Wikimedia Cloud Services team/EnhancementProposals/Toolforge on bare metal

From Wikitech

We want to make Toolforge more scalable and sustainable to better meet current and future needs of tool developers by providing a higher level of availability and reliability through well-defined SLOs, shared operational practices and incident response with SRE, and presence in multiple data centers. One idea to support this is to move Toolforge to the production infrastructure.

Proof-of-concept

This move would be complex and involves a lot of unknown risk. We would want to start by first creating a proof-of-concept to try to untangle some of the expected complexities and prove out some of the riskier elements so that we have a much better understanding of how much time and effort a true migration would take, and whether the potential benefits are worth the investment.

Key questions to answer:

  • How much effort would it take to host Toolforge outside of the Cloud VPS infrastructure?
  • Which tools would be easy to migrate? Which tools would be hard to migrate?
  • Will hosting on bare metal allow us to provide a higher level of availability and reliability?
  • What will have to change operationally if Toolforge was on bare metal?

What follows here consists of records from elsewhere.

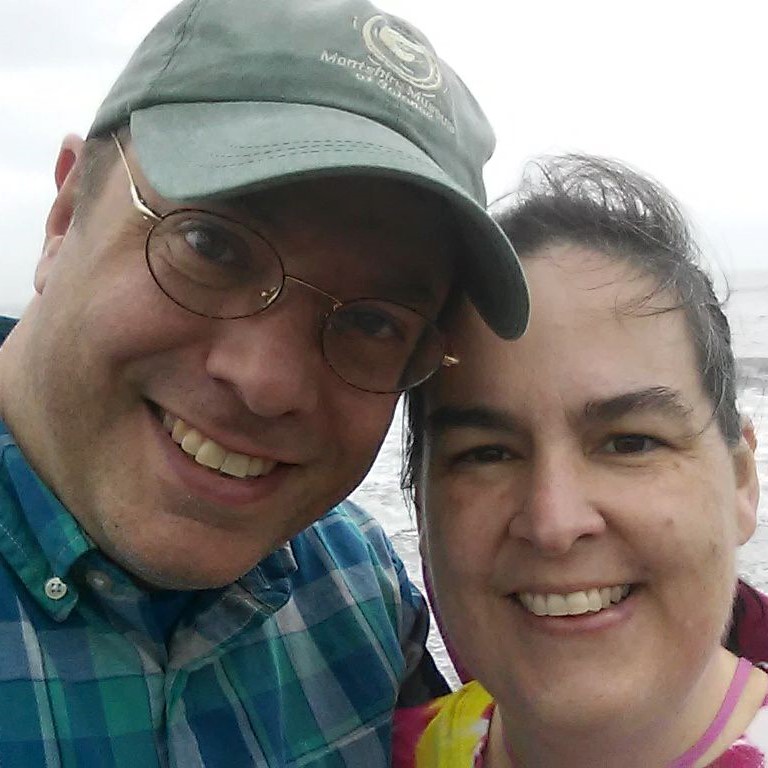 Geoff and spouse selfie with ocean in background.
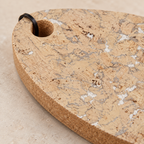 Snow White cork trivet - close-up of pale cork pattern, edge and hanging loop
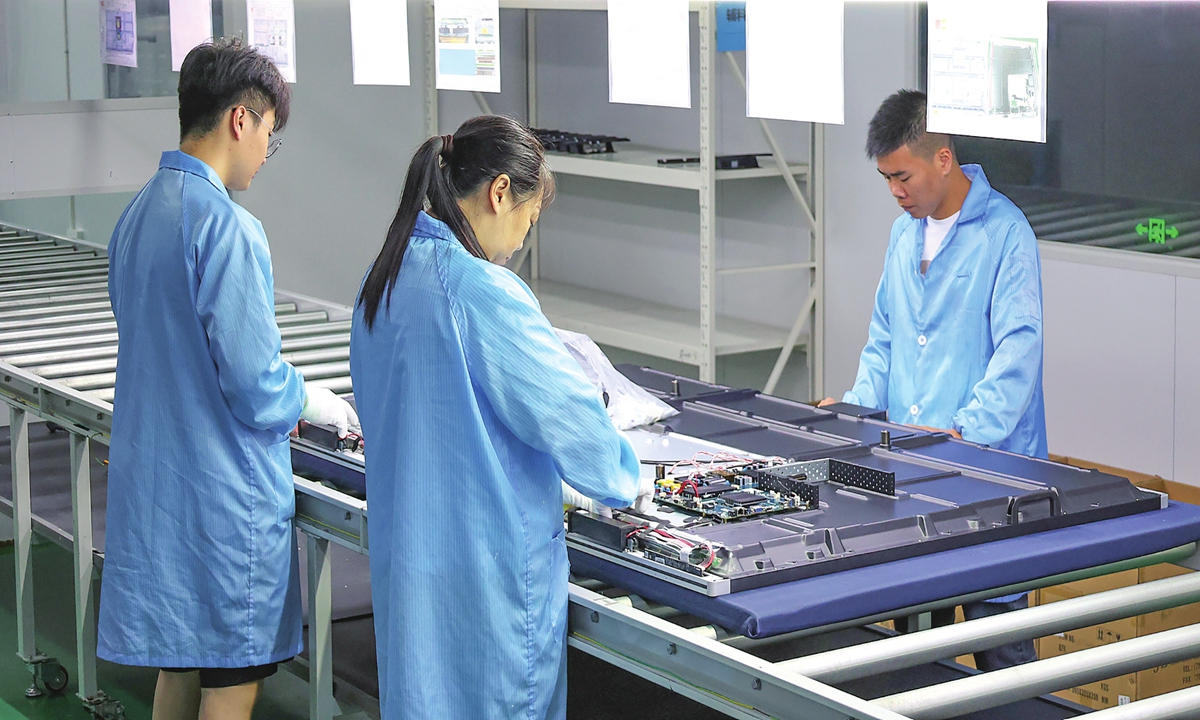 
Workers operate an interactive smart blackboard production line at a company in Lianyungang, East China's Jiangsu Province, on July 27, 2026. In the first half of the year, the accelerated integration of AI across industries drove a sharp rise in computing demand, pushing profits in the electronics sector up 96.9 percent year-on-year. Photo: VCG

The intention is to have this work be represented as a hypothesis in the WMF FY25-26 Annual Plan under the WE6 objective. A draft text could be:

Hypothesis: If we create a proof of concept (POC) for running Toolforge on the production infrastructure (“bare metal”) and test migrating a subset of representative tools to the POC, we will better understand the limitations and challenges of hosting Toolforge outside of Cloud VPS, which will allow us to make a decision about whether to invest in a full migration.

This work is beginning to take shape in T407296.